The Nursing Home Where College Students and Retirees Co-Habitate.

Jessica, Onno, Jurien, Jordi, Max and Denise are typical college students: they go to class, hang out with friends and live on a tight budget. But instead of residing in a dorm, they live in the last place you’d expect to find a healthy twenty-something: a nursing home.

In exchange for a free apartment in the Humanitas retirement home in Deventer, Netherlands, the students agree to spend at least 30 hours each month interacting with their fellow residents, many of whom are at least half a century older.

“Their assignment is to ‘be a good neighbor,’” says Gea Sijkpes, Managing Director of Humanitas, who came up with the idea of having retirees and college students co-habitate. Sijkpes saw an opportunity to provide local college students with affordable housing, and infuse the daily lives of the aging adults who also occupy the building with a bit of “gezellig.” (“Gezellig” doesn’t have an English equivalent, but its meaning is similar to quaint, home-like or cozy. Gezellig is the feeling you get when you reunite with an old friend after a long period of separation.)

Surprisingly, many of the older residents were on board with the concept of young students living among them, even from the beginning. Each college-age candidate is thoroughly vetted and must go through a temporary trial period before being allowed to officially move in.

Friendships for life

Indeed, the college students and the retirees have become so close that they often act as though they are friends from a past life, reunited in an unconventional way.
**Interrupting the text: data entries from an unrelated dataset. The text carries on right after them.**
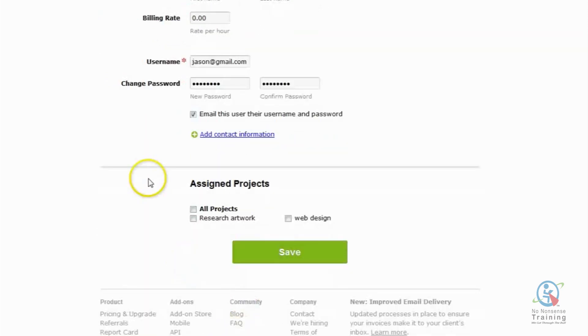However, before we click on Save, you'll notice that I have an area that says Assign Projects. This is an area where you can actually select which of your existing projects,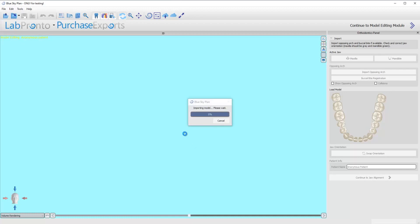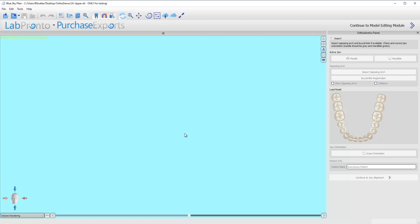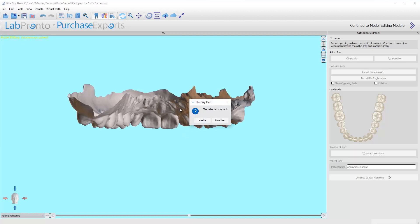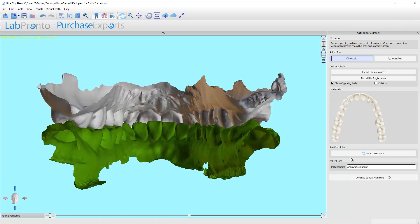Now it's going to process this for a second and then it's going to bring up one of the models that it thinks is the maxilla and it's going to ask me is this the maxilla or the mandible. And this is important for us to tell it otherwise it's going to flip it upside down. So this is the upper model. I'm going to call it the maxilla. OK.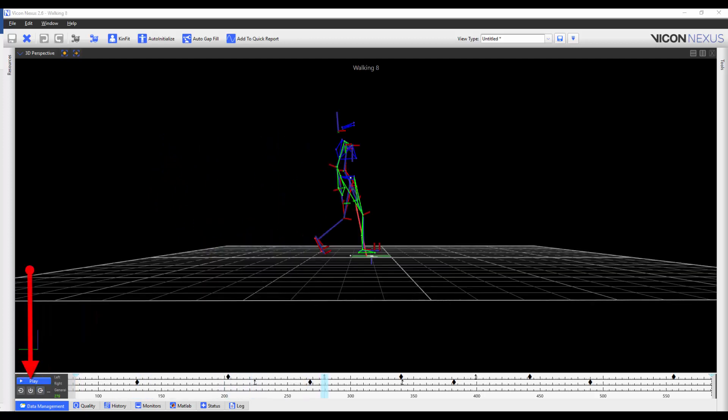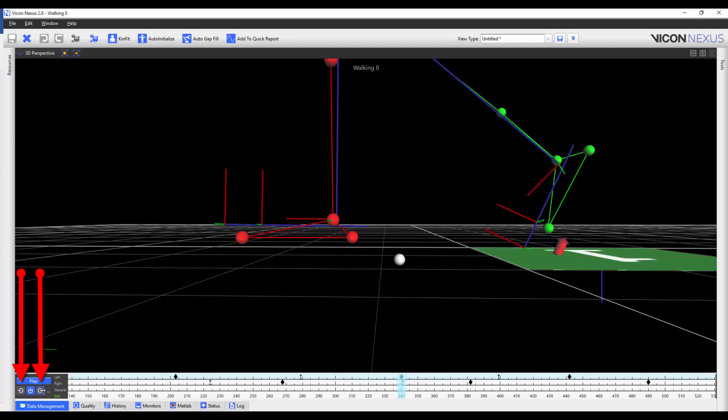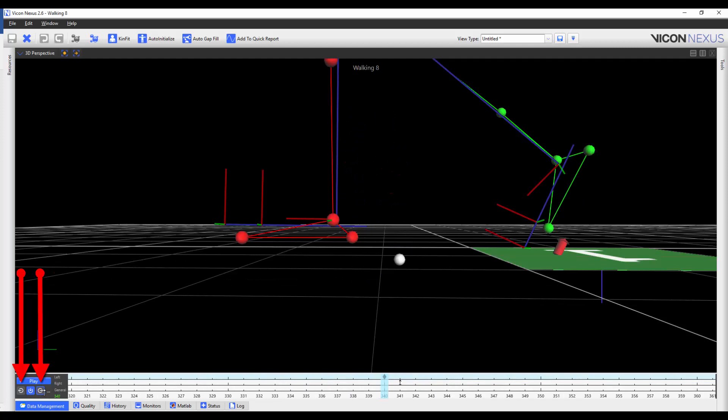When you are in the event identification mode, and when you press the forwards and backwards buttons, Nexus will jump to the next or previous event and it will zoom in on the appropriate marker and event. And the time bar will zoom to plus or minus 20 frames either side of the event.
Jessica hosts Saturday night wine events for her floor mates. Onno hangs on the edge of his seat every time his neighbor—a former soldier—tells tales of his life during the war. When a woman a few doors down from Jurrien was craving homemade pizza, he helped her bake it and joined her for dinner. Jordi recently took one of her neighbors, a widow, on a tandem bike ride to look for her husband’s grave. Max can often be seen helping his fellow residents create digital works of art on the computer. And Denise ensures her neighbors are up on current events by reading them highlights from the daily newspaper.

Similar models of intergenerational living have sprung up in several other European cities, including the U.S.

Sijkpes is pleased with the result of the experiment, and says the addition of a few young adults has helped make Humanitas the “warmest and nicest nursing home of Deventer.”